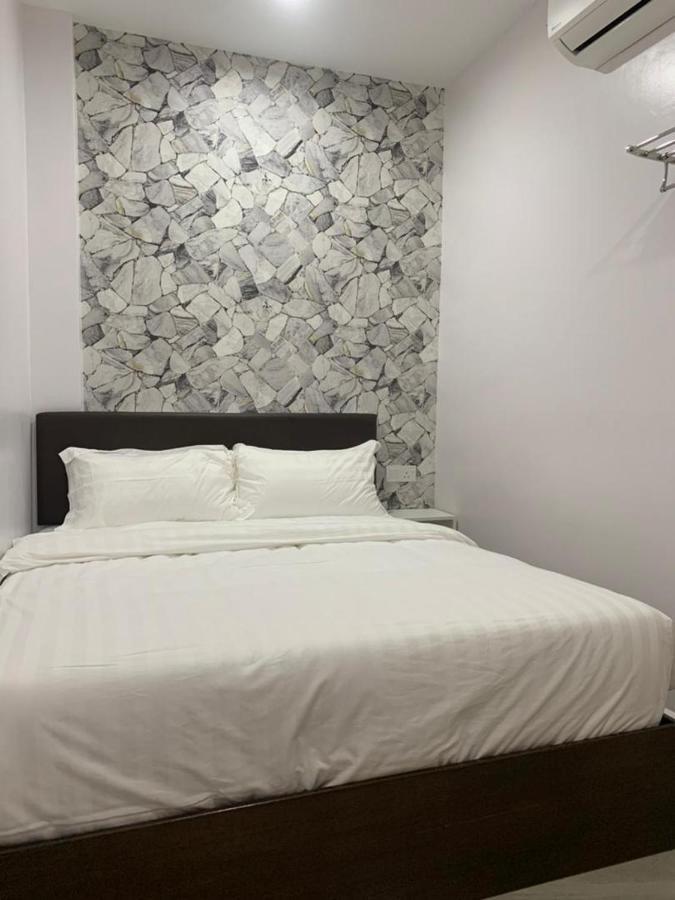 Hotel Decentraland Κουάλα Τερενγκάνου Εξωτερικό φωτογραφία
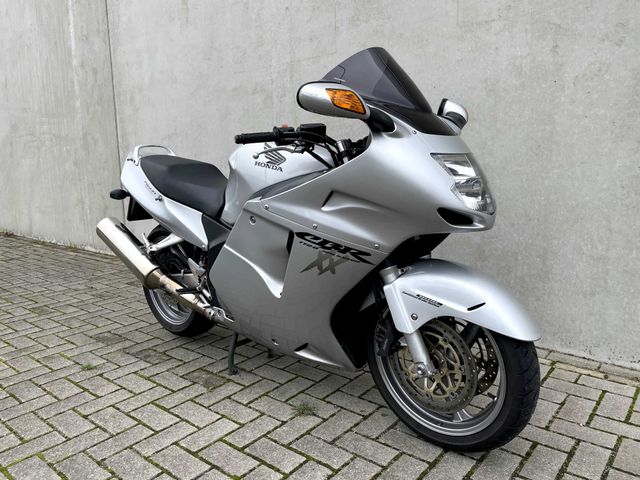 honda - cbr-1100--xx-super-blackbird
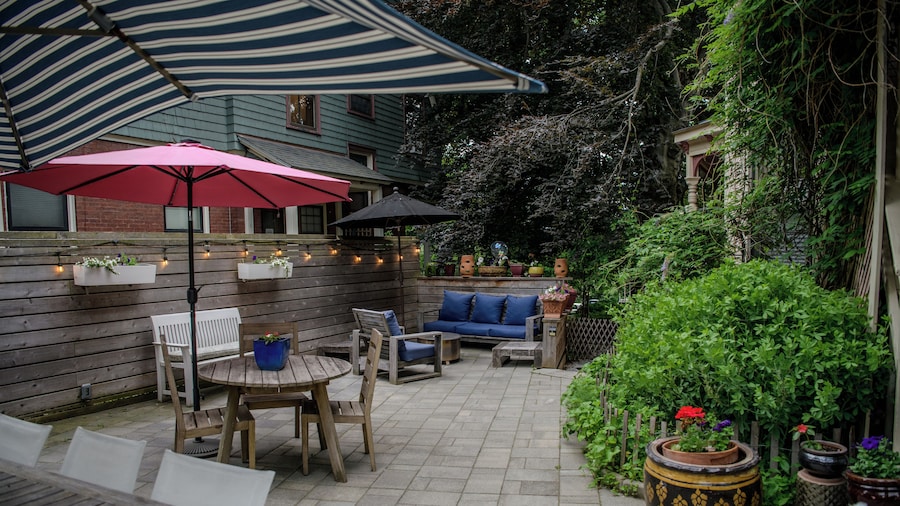 254 South Union Street Guest House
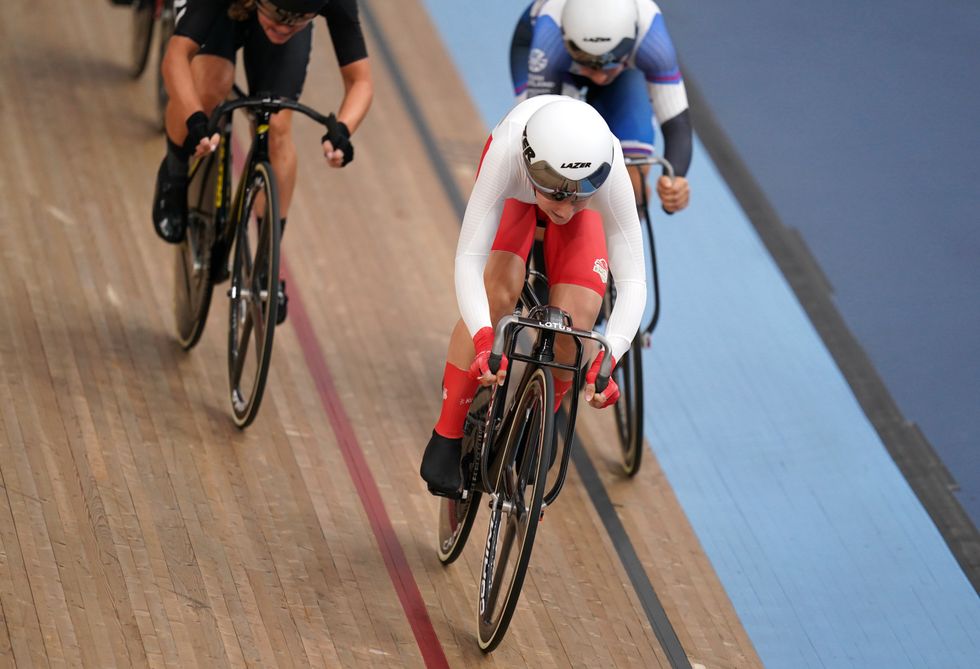 England's Laura Kenny coming home to win the Women's 10km Scratch Race Finals at Lee Valley VeloPark on day four of the 2022 Commonwealth Games in London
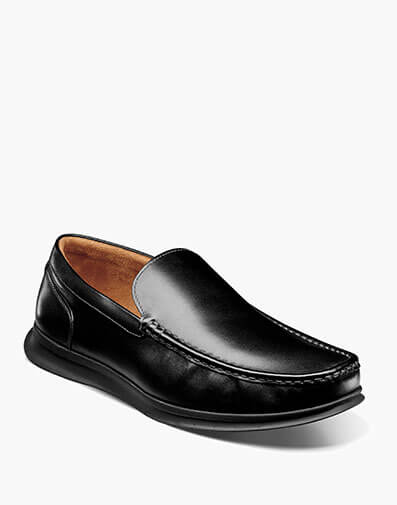 MONTIGO Moc Toe Venetian Loafer in Black.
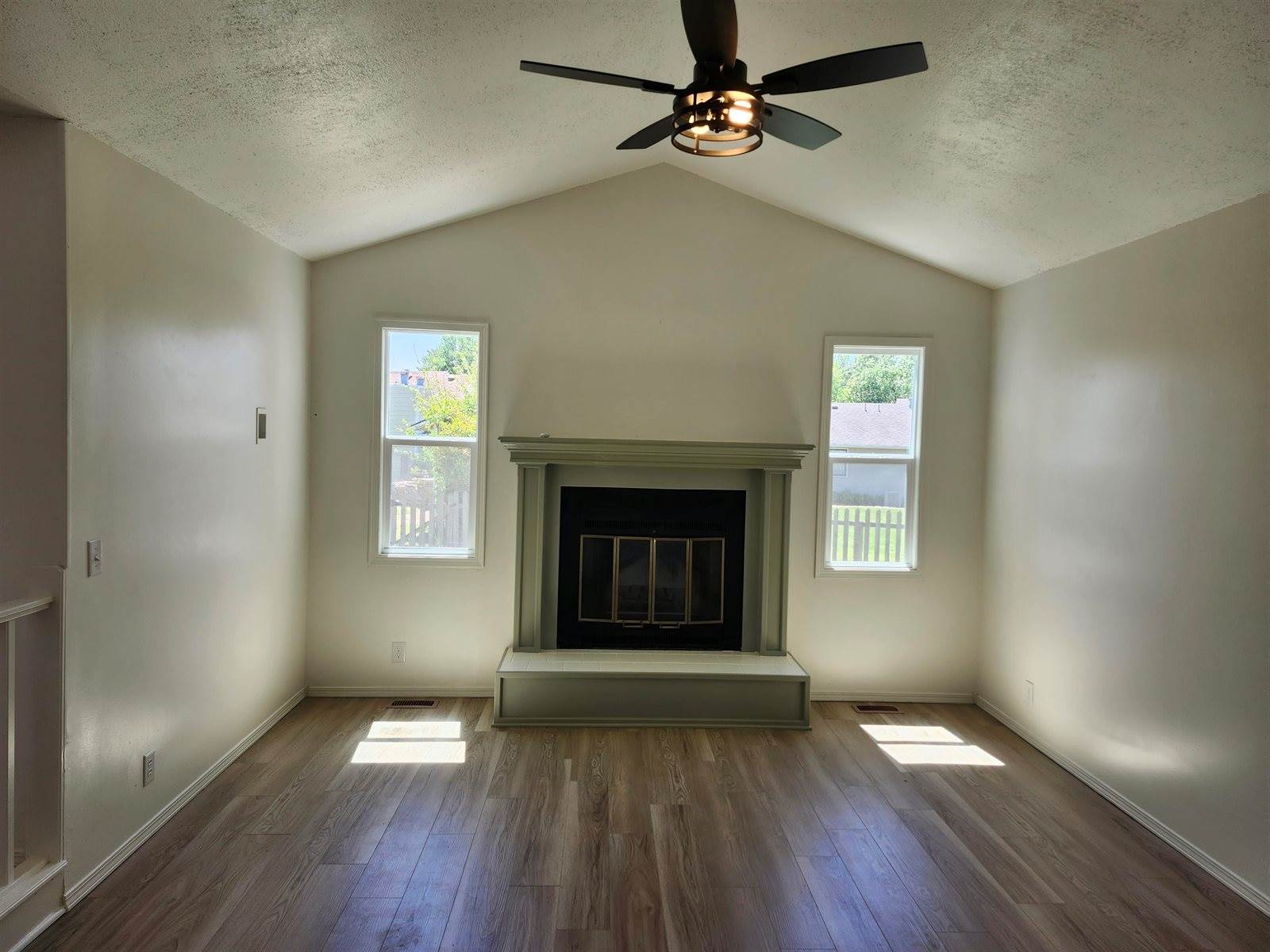 9039 East Skinner St, Wichita, KS 67207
------
> [Your instructions]:
A faithful, word-for-word copy of the data is needed; the pictures should not appear in it.

> [Task answer]:
 Hotel Decentraland Κουάλα Τερενγκάνου Εξωτερικό φωτογραφία
 honda - cbr-1100--xx-super-blackbird
 254 South Union Street Guest House
 England's Laura Kenny coming home to win the Women's 10km Scratch Race Finals at Lee Valley VeloPark on day four of the 2022 Commonwealth Games in London
 MONTIGO Moc Toe Venetian Loafer in Black.
 9039 East Skinner St, Wichita, KS 67207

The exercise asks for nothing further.